* WHAT YOU SHOULD DO
From the records below, print only the part that opens with the line containing "Cute Potted Cactus" and closes with the line containing "Powerbank Belkin BoostCharge"; omit the pictures.

* PROVIDED MATERIAL
□ □ □ □ □
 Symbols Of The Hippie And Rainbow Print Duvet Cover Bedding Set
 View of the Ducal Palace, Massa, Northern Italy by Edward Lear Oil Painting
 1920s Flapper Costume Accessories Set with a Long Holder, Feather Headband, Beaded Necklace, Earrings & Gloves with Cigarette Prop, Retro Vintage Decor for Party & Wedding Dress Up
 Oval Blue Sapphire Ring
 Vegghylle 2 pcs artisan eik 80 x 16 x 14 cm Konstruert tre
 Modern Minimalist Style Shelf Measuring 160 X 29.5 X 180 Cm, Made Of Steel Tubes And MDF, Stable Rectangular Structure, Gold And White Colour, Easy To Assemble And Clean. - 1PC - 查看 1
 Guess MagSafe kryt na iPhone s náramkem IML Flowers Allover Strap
□ □ □ □ □
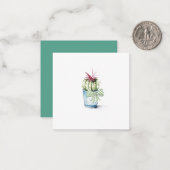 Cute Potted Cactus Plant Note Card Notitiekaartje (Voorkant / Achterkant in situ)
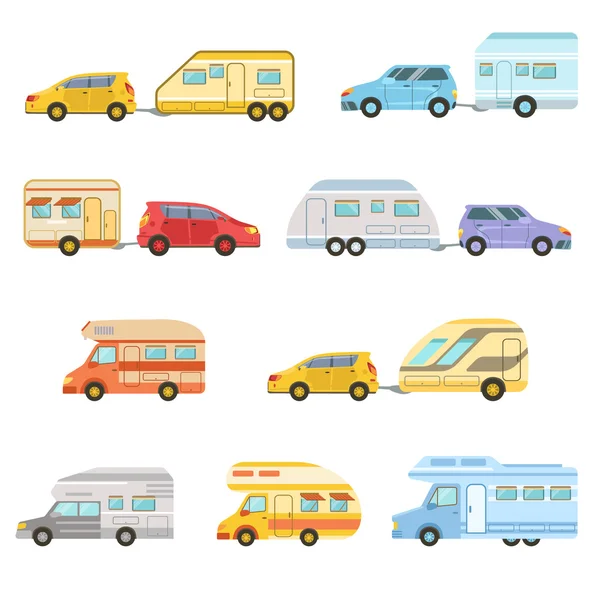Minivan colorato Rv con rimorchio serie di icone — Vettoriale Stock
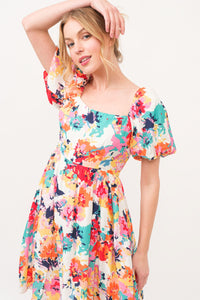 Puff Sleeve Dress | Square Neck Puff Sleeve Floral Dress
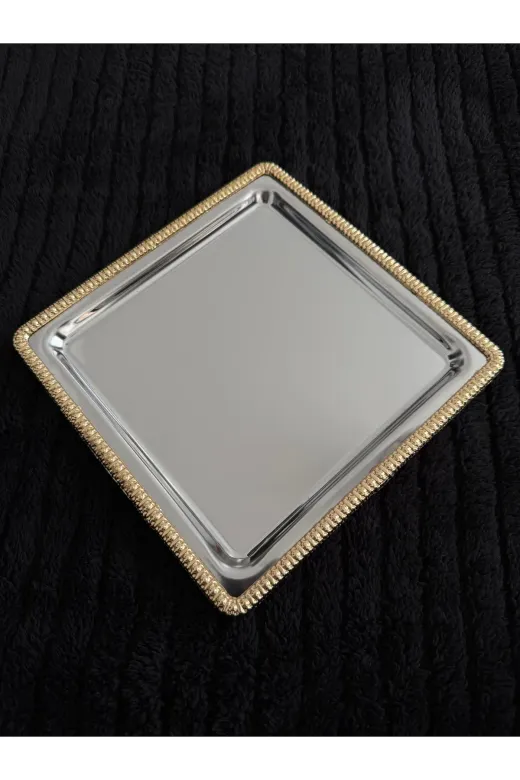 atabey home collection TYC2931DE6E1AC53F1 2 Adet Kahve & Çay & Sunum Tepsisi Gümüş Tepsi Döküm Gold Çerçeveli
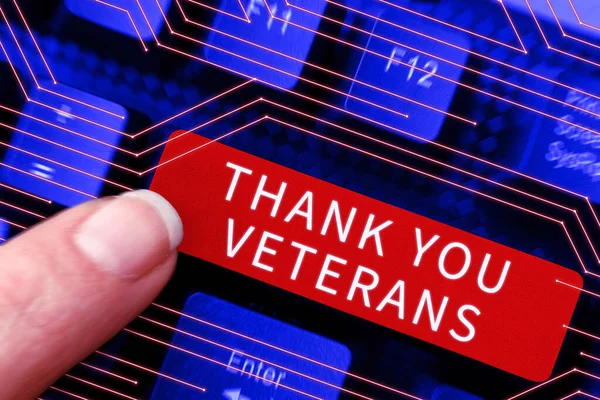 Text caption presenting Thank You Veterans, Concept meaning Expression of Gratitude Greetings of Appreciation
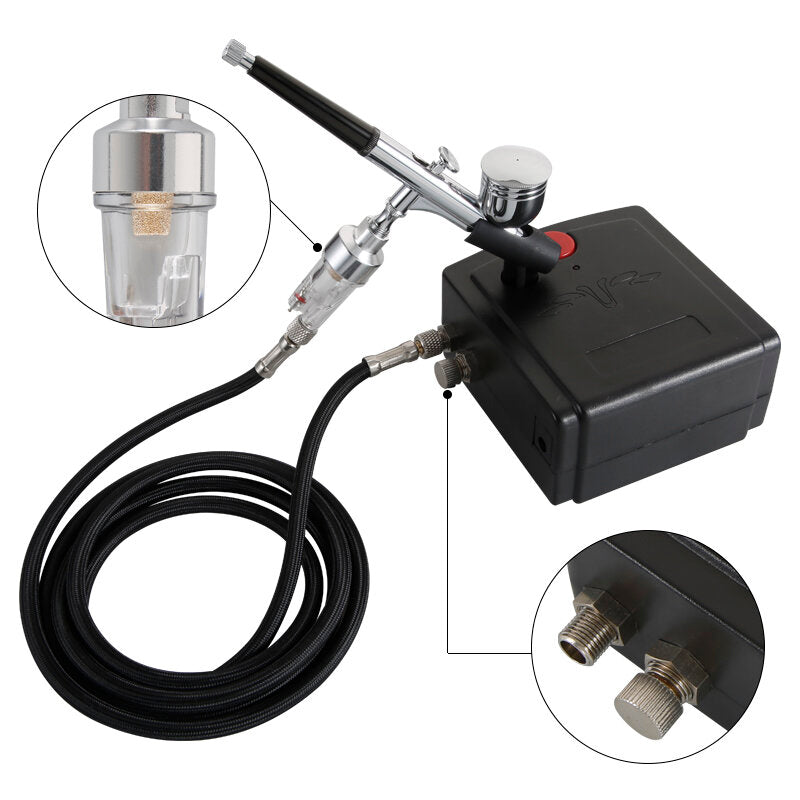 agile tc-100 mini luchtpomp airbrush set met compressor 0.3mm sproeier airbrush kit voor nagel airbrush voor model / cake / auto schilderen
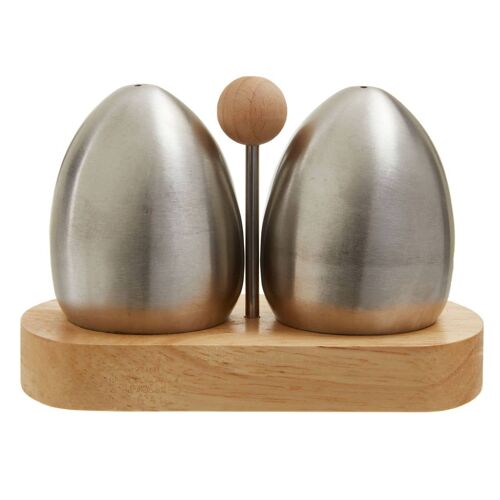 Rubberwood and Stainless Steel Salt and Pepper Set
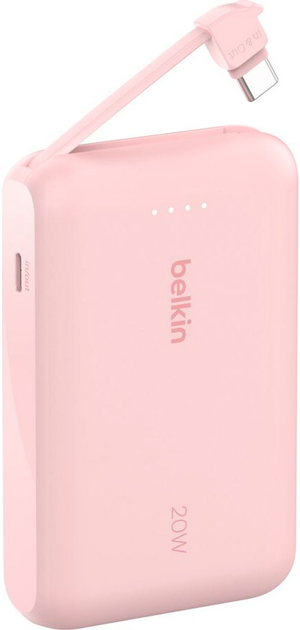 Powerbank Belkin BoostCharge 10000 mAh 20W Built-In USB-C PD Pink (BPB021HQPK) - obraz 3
□ □ □ □ □
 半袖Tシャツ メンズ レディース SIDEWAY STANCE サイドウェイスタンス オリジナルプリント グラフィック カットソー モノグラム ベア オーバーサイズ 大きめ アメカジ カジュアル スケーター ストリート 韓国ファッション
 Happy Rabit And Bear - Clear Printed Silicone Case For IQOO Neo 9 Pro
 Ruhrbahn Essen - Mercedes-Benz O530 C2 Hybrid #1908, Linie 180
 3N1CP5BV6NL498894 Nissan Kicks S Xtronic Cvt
□ □ □ □ □
* THE ANSWER
 Cute Potted Cactus Plant Note Card Notitiekaartje (Voorkant / Achterkant in situ)
Minivan colorato Rv con rimorchio serie di icone — Vettoriale Stock
 Puff Sleeve Dress | Square Neck Puff Sleeve Floral Dress
 atabey home collection TYC2931DE6E1AC53F1 2 Adet Kahve & Çay & Sunum Tepsisi Gümüş Tepsi Döküm Gold Çerçeveli
 Text caption presenting Thank You Veterans, Concept meaning Expression of Gratitude Greetings of Appreciation
 agile tc-100 mini luchtpomp airbrush set met compressor 0.3mm sproeier airbrush kit voor nagel airbrush voor model / cake / auto schilderen
 Rubberwood and Stainless Steel Salt and Pepper Set
 Powerbank Belkin BoostCharge 10000 mAh 20W Built-In USB-C PD Pink (BPB021HQPK) - obraz 3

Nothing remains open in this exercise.